In fining the employer, Industrial Magistrate Lieschke took into account 2 other safety offences it had committed within the previous 4 years. The first involved inadequate guarding; the second resulted from the lack of a safe operating procedure for the injury-producing task. Industrial Magistrate Lieschke said both prior offences should have prompted the company to thoroughly investigate the first 2009 incident. How well do you do your root cause analysis and then how do you know that any corrective actions implemented actually work? Do any of the incidents you have repeat themselves and how could you show you are diligently working through a plan of actions to correct this in a priority that reflects the risk posed?  Farrell v Port Lincoln Tuna Processors Pty Ltd [2011] SAIRC 54

Is common industry practice a valid excuse for non-compliance?

Not in this case it wasn’t where a mining employer was ordered to pay an injured labour-hire worker, who fell from a steep ladder on a 50-tonne dump truck, more than $1.2 million, after the NSW Court of Appeal confirmed that common practice was not necessarily the correct safe practice. A full bench unanimously dismissed Roche Mining Pty Ltd's appeal against a damages order, finding the employer could have minimised the fall risk by replacing the dangerous ladder with a transverse retractable stairway.

In April 2003 the worker was using his usual method to climb into the 785B dump truck's cabin, which involved negotiating the difficult last two steps of the ladder by reaching up to a bar under the windscreen and pulling himself up, when his hand slipped and he fell 2.5 m, injuring his hip, pelvis and lower back. Prior to the fall, his method of accessing the truck had been assessed as appropriate by a Roche safety officer.

Last year, Supreme Court Justice Hoeben awarded the worker damages, after he found the access ladder was "primitive" & too steep to comply with the relevant Australian Standard, and that the absence of continuous handholds constituted a "design flaw". He found the incident was foreseeable, & that Roche's insistence that drivers always keep 3 points of contact on the ladder showed it was aware of the risk. Justice Hoeben found that fitting a transverse stairway to the vehicle for a "relatively minor" cost of $20,000, as recommended by a 2002 mining guideline, would have reduced the risk of injury.

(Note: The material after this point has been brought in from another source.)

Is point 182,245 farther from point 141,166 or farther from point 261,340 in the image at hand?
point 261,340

On appeal, Roche argued that fitting a transverse stairway was not common practice in the industry, and that it was impractical to retrofit all 42 of its 785B dump trucks. It also argued that it should not be held liable for the defect in the original design of the truck. Court of Appeal Justice McColl found the defect was obvious, & Roche failed to take reasonable precautions to protect the worker from it. She found the employer was aware of the fall risk, & said that fitting a transverse stairway was a reasonable precaution & not one "advocated with the benefit of hindsight". The Australian Standards on angle & handrail continuity both predated the accident, as did the mining guideline that recommended the stairway. These were both considered evidence that those regulating the industry were aware of the fall risk and the need to reduce it. In other words, common practice was not necessarily safe practice. The company was required to take into account possible employee "inadvertence or miscalculation" so the 3 point contact requirement was an inadequate control measure for this risk!  Roche Mining Pty Limited v Graeme Wayne Jeffs [2011] NSWCA 184.